» ASSIGNMENT
Go to the line containing "Traslado de los" in the listing below and retype it and every later line exactly, down to the last.

» DATASET RECORDS
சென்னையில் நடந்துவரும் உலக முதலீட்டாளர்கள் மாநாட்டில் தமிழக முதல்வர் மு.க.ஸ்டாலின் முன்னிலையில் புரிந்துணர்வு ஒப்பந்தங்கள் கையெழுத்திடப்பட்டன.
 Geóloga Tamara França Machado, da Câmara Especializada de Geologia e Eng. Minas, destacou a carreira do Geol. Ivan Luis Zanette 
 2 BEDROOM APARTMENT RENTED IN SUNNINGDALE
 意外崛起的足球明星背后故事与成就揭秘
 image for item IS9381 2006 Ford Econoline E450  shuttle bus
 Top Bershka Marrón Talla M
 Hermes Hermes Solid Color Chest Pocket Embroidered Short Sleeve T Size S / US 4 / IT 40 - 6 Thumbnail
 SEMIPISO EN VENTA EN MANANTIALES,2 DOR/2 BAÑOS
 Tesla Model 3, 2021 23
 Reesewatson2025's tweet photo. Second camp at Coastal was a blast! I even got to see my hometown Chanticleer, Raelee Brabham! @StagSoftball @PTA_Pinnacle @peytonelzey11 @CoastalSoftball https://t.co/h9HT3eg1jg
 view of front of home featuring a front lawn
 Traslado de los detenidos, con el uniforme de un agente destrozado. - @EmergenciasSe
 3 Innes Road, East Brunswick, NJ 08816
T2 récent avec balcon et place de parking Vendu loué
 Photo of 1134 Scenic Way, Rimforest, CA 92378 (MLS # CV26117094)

» YOUR SOLUTION
 Traslado de los detenidos, con el uniforme de un agente destrozado. - @EmergenciasSe
 3 Innes Road, East Brunswick, NJ 08816
T2 récent avec balcon et place de parking Vendu loué
 Photo of 1134 Scenic Way, Rimforest, CA 92378 (MLS # CV26117094)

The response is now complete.